- WHAT IS EXPECTED -
Your output should be the listing itself, repeated exactly.

(SOURCE DATA begins)

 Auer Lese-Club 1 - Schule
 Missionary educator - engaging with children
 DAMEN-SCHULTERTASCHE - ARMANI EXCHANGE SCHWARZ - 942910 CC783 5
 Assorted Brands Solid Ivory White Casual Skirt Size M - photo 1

(SOURCE DATA ends)

- RESPONSE TO THE EXERCISE -
 Auer Lese-Club 1 - Schule
 Missionary educator - engaging with children
 DAMEN-SCHULTERTASCHE - ARMANI EXCHANGE SCHWARZ - 942910 CC783 5
 Assorted Brands Solid Ivory White Casual Skirt Size M - photo 1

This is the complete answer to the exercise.